What you should do » Please give back the listing exactly, without any of its pictures.

Source material »
--

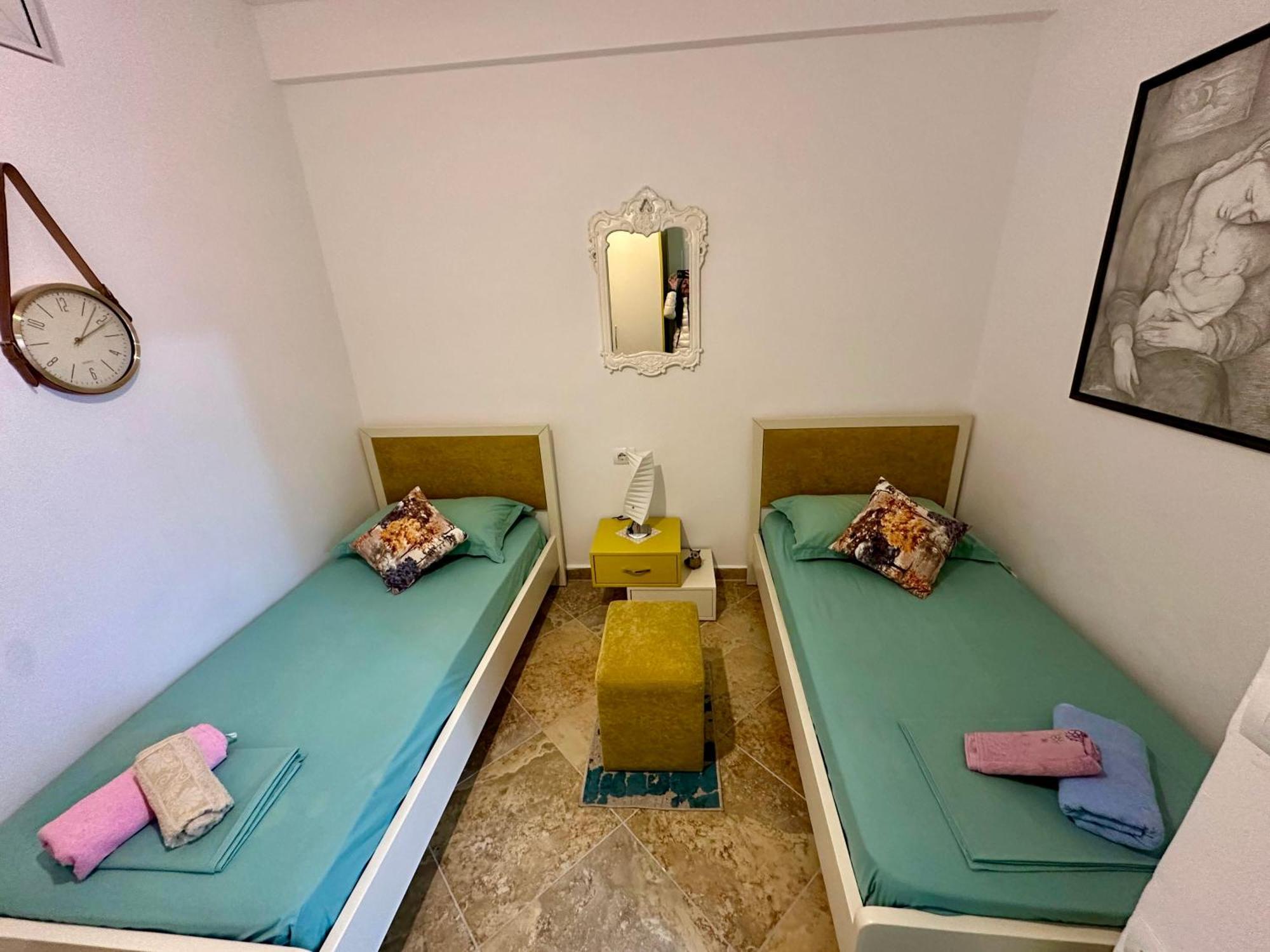Beach Front Apartment Vlore Luaran gambar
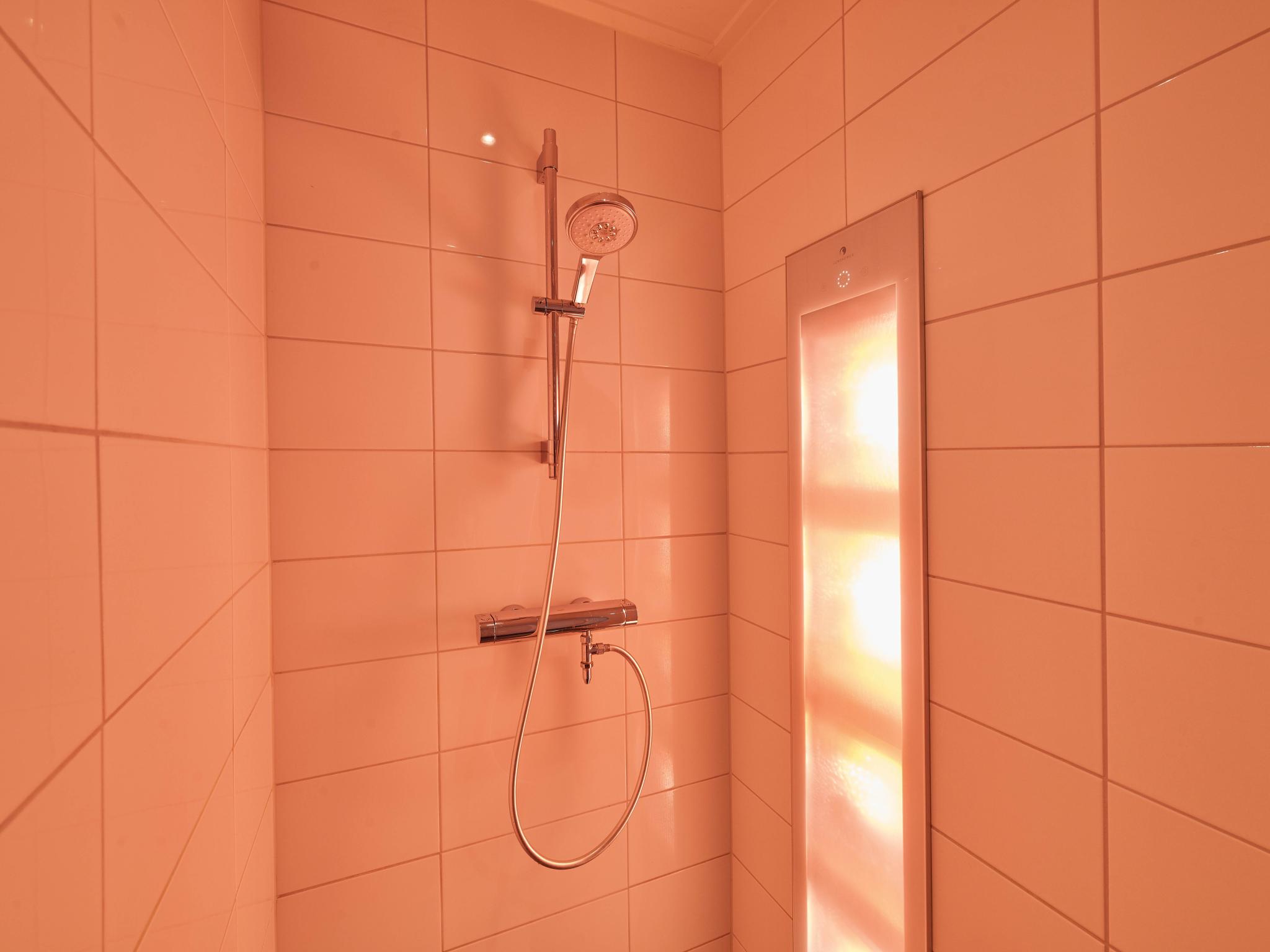 Bathroom facilities at Samen aan Zee 46 in Colijnsplaat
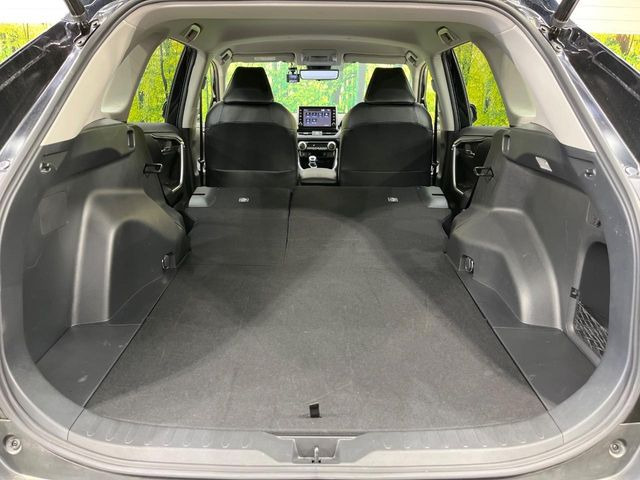 ラゲッジルームは、大容量のスペースを確保。普段のお買い物からレジャーまで、幅広く活躍してくれます!また、リアシートを倒すことでバリエーション豊かにお使いいただけます。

--

Answer to the exercise »
Beach Front Apartment Vlore Luaran gambar
 Bathroom facilities at Samen aan Zee 46 in Colijnsplaat
 ラゲッジルームは、大容量のスペースを確保。普段のお買い物からレジャーまで、幅広く活躍してくれます!また、リアシートを倒すことでバリエーション豊かにお使いいただけます。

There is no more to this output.